Enneagram Type One relationship with Enneagram Type Two

Enneagram Type One with Enneagram Type Two

Why the Attraction?
• This is a common pairing. Ones are attracted to the warmth, vivaciousness, friendliness and generous
attention given by Twos.
• Twos are attracted to the obvious strength of character, integrity, honesty, sense of purpose and desire to help
people and improve the world of Ones.
• Both are dutiful, responsible and service-oriented and admire that in each other. They each focus their
attention on the needs of others rather than on themselves.
• Twos are also drawn to the Ones steadiness, conscientiousness, dependability and emotional self-control.
• Ones are drawn to the Twos nurturance, feeling-orientation, sociability, liveliness, cheerfulness and bigheartedness.

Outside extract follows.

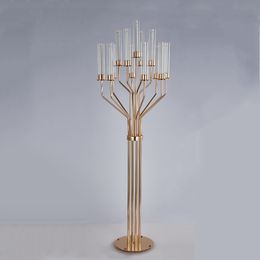 Grote grote vloer Acrylic Candelabras 5.3 FT Hoogte 13-Armen Kaars Houders Luxe Bruiloft Tafel Centrum Candlesticks Home Decoraion Bruiloft Aisle Metal Walkway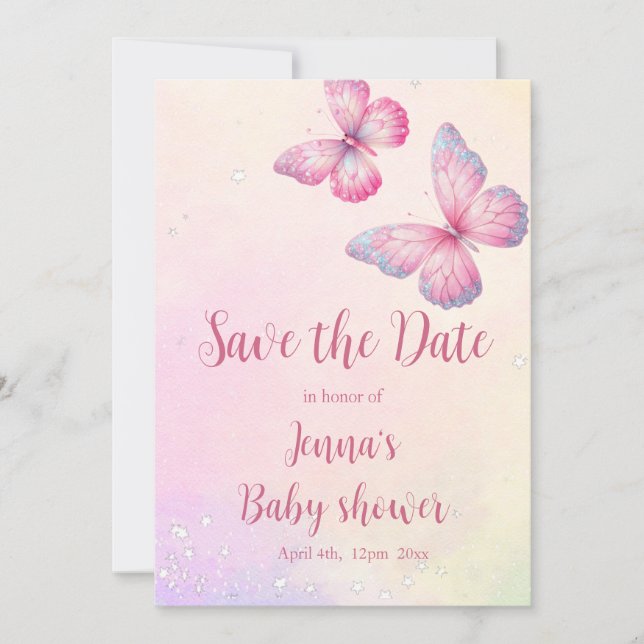 Pink Butterfly QR Code Baby Shower Save The Date (Front)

• Twos instantly recognize Ones obvious need for more pleasure in their life and Twos are only too happy to
help Ones meet that need, with the hope of love, approval and appreciation in return, of course.
• Ones are pleased to have someone that helps to soften and warm up their reserve and develop more of a
social life. Twos are pleased to have someone that appreciates them and offers emotional stability and
consistency during their moments of emotional turmoil, fear of rejection and/or abandonment.
• Both are aware of the suffering in the world and share a common vision of alleviating it. It is not uncommon
that this pair first meets at work, in one of the helping professions, or at a social cause – perhaps even in a
volunteer capacity.

Some Shared Positive Traits
• Both have high ideals of giving
• Both can have strong ethical standards
• Both focus on helping others
• Both are dutiful and like to be useful
• Both are service-oriented and humanitarian
• Both willingly take on responsibilities
• Both can do a good job of serving each other
• When healthy, both are mature and independent
• Both feel as if they know what is best for others

Some Shared Negative Traits
• Both suppress their own needs and desires
• Both can neglect each other by serving others’ needs first
• Both have difficulty expressing their own needs directly
• Ulterior motives and unstated agendas surface if Ones and Twos aren’t getting what they want out of the
relationship
• Ones and Twos won’t admit to themselves they have needs that aren’t being satisfied
• Both can stay in an unfulfilling relationship – Ones feel divorce is wrong and Twos can be too dependent to
leave
• Asking for what they really want feels selfish

Differing Traits (and Potential Sources of Frustration or Balance)
• In service of principles then people (Ones) vs. In service of people then principles (Twos)
• Do the right thing (Ones) vs. Do the merciful thing (Twos)
• Rational and Critical (Ones) vs. Emotional and Flattering (Twos)
• Work-oriented (Ones) vs. Relationship-oriented (Twos)
• Like autonomy (Ones) vs. Like merging (Twos)
• Restrained in expressing positive feelings (Ones) vs. Unrestrained in expressing positive feelings (Twos)
• See the flaws in people to be “fixed” (Ones) vs. See the beauty in people to be loved (Twos)

Potential Problems
• Twos can see Ones as unemotional, inflexible, judgmental workaholics who don’t make time for the
relationship, for socializing or for fun. Ones can see Twos as overly helpful, intrusive, emotionally needy
and dependent. Ones can be repulsed by Twos giving to get, manipulation, people-pleasing, hedonism and
“doormat” qualities.
• Twos often give advice as a way to help. Unfortunately, Ones often take Two’s advice as criticism, get
defensive and counter with criticism. Ones can see Twos as emotionally unstable. Ones can make Twos feel
that they seldom get anything right. All of this causes Twos to feel rejected, unappreciated, taken for
granted, inferior and alienated.
• Ones can see Twos as too: intrusive, needy, dependent, emotionally manipulative, possessive, prideful, in
need of constant attention and unable to be alone, hovering, unnecessarily helpful and advice giving, unable
to attend to own needs, meddlesome, pleasure-seeking and having poor boundaries.
• Twos can see Ones as too: emotionally inhibited, moralistic, workaholic, judgmental, resentful, suppressed,
critical, inflexible, unappreciative, easily upset when things down go as they expected, hard on themselves,
worrisome, pleasure-denying, narrow-minded, rigid, and unable to relax.

Advice

For Ones
• Show sincere appreciation when Twos try to help, even if you think they’re over-helping. Twos just want to
be loved.
• Spend time with your Two and make time for fun.
• Express positive feelings. Twos like hearing they’re loved.

For Twos
• Develop your independence and nurture your own needs.
• Ones feel personally obligated. They suppress anger by working hard. Understand that they’re not rejecting
you.
• Practice emotional steadiness when dealing with Ones.
• Practice asking for what you need directly.